The recall rate for long shots is low. Our experiments indicate that discriminating between slow-motion and live among long shots is a difficult task due to following reasons:(1)movement of camera and objects in some live shots is slow,(2)slow-motion shots of high-motion scenes contain intensive objects and camera movements,(3)a replay shot may also played in live speed.

In order to show robustness of the proposed method against errors in preprocessing stages, a hierarchical shot classification module with overall accuracy of 92% is designed. Shot classes detected by this module are fed into the slow-motion detection module demonstrated in Figure 3. As shown in Table 4, our algorithm achieved accuracy of 90% precision and 81% recall on training data by using automatically detected shot classes. In this experiment, the proposed approach achieved accuracy of 78% precision and 68% recall rates on test data. Although such a small loss of accuracy is affordable, it could be reduced by exploiting more accurate shot classification methods.

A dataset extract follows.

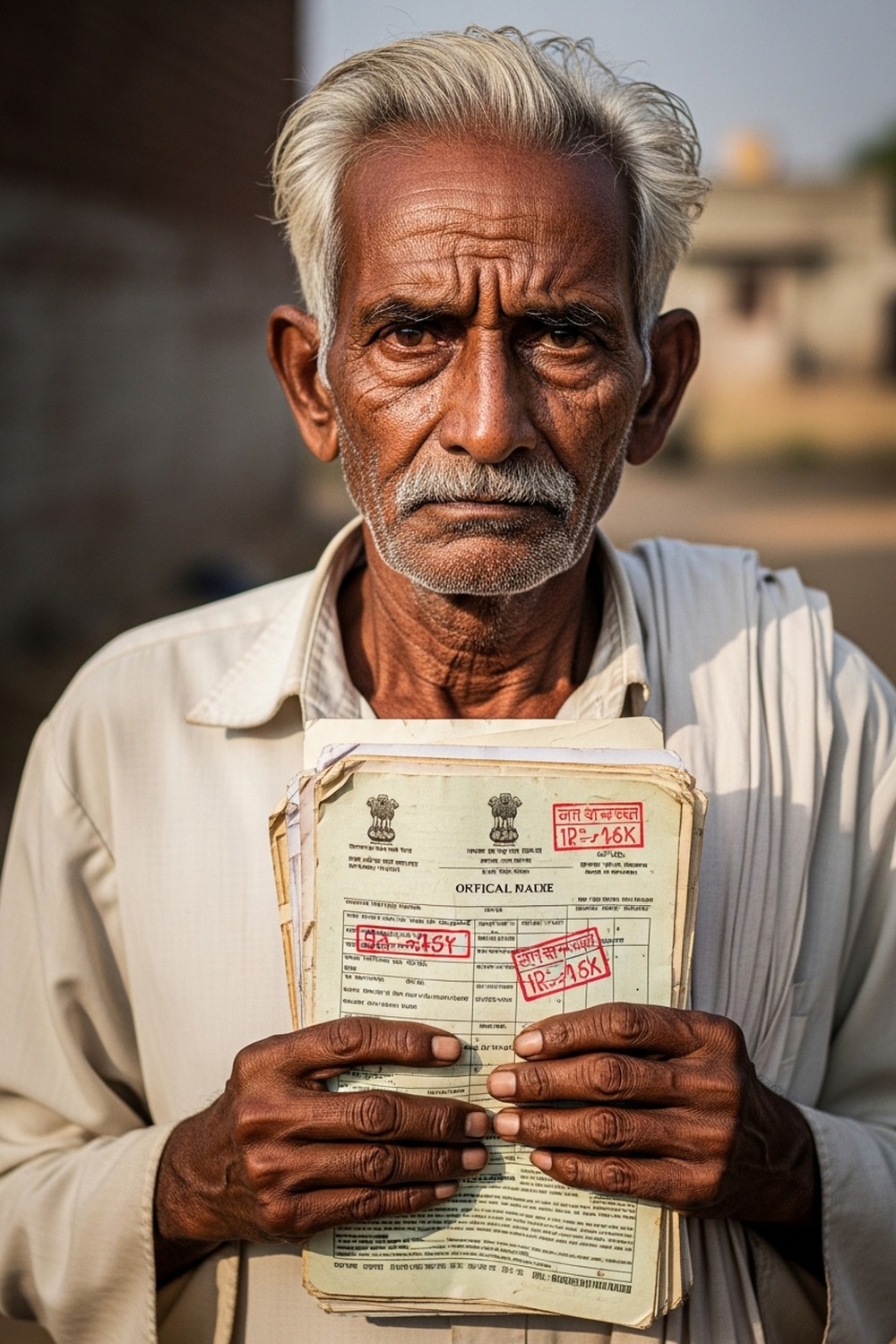 Elderly Indian man holding official government documents in rural Uttar Pradesh village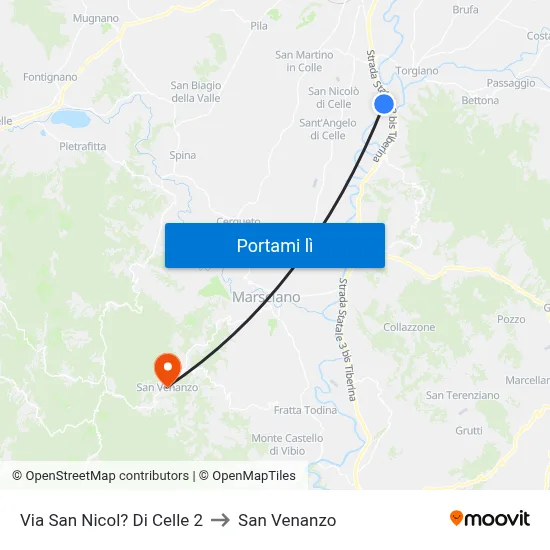 Via San Nicol? Di Celle 2 to San Venanzo map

Our proposed approach is more efficient than previous works due to compressed video analysis. Extraction of color and motion features from compressed video constitutes majority of proposed framework processing time; while training and classification by SVM classifiers is very fast. Table 5 shows processing time of time-consuming modules in proposed framework. Color features extraction and motion features extraction tasks could be done in parallel via multithreading. Using multithreading total processing time of the proposed method is 21 ms per frame or 47 fps which is nearly two times faster than realtime. When these modules run in sequence, the total processing time of the proposed method is 37.7 ms per frame or 26 fps which is faster than real-time. All video sequences in FUM-BSVD dataset are played at 25 fps.

Performance of proposed method on long shots can be improved by extracting better features from video. On the other hand, segmentation and tracking of moving objects in soccer scenes is an alternative way for improving this method. However, this process is problematic in broadcast soccer scenes due to moving camera and moving players.

4. Conclusion and Future Work

In this paper, we proposed an efficient method for slow-motion detection in compressed soccer videos. Exploiting a rich set of color, motion and cinematic features led to high accuracy of the proposed method. In addition, direct extraction of low-level information from compressed domain significantly improved efficiency of our method. Our framework achieved 83% precision and 70% recall rates on test data. This framework could be used in soccer video summarization and retrieval tasks as a semantic feature extractor.